Consider a 1-dimensional random walk,we have a absorbing barrier at -a.The probability of moving to the left or right on every step is p and 1-p.
My question is how to calculate the probability of being absorbed eventually if we start at the origin.
Attempt I
I try to imitate the solution to solve the similar question with two absorbing barrier(eg.a and -a).
In detail,let $$p_k=P(\{\text{start at k and be absorbed at a eventually\}})$$ Obviewsly,we have $p_{-a}=0$ and $p_{a}=1$
Besides,we can draw the equation: $$p_k=p_{k+1}*p+p_{k-1}*(1-p)$$
By this equation and initial condition above,we can attain the expression of $p_k$ and $p_0$ is what we need.
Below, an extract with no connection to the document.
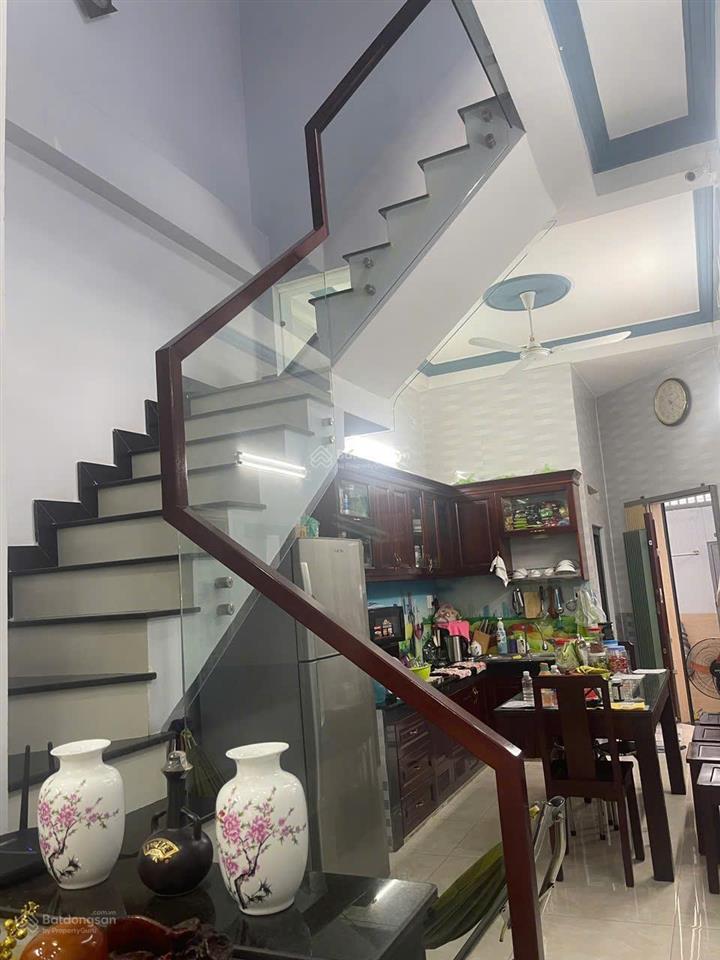 Chính chủ giảm ngay 450tr bán gấp nhà 1 trệt 3 lầu st, góc 2mt hẻm đường số 19, p8, gò vấp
But this method is noneffective for the problem at hand because there is only one barrier,thus we only have one equation in the initial condition.
Attempt II
I try to simplify the question.Consider there is no barrier,we only need to start at the orign and end at -a with n steps.
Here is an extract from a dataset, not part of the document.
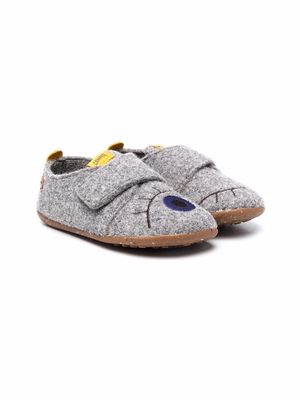 Camper Kids embroidered-logo touch-strap slippers - Grey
It's simple to calculate such $p_n$.But some moves are invalid for our real question because they have reached -a before n steps.If we can find the number of invalid moves,which I can't resolve,we can attain $p_n'$,probability of being absorbed at -a right on the n_th step.Finally what we need is $\sum\limits_{n=a}^{+\infty}p_n'$
Hint: Attempt 1 is close. You can indeed leverage the two-barrier solution; instead of having the other barrier be $a$, have it be some independent quantity (say, $b$). Compute the probability of reaching $b$ before reaching $-a$; then, take a limit as $b \to \infty$.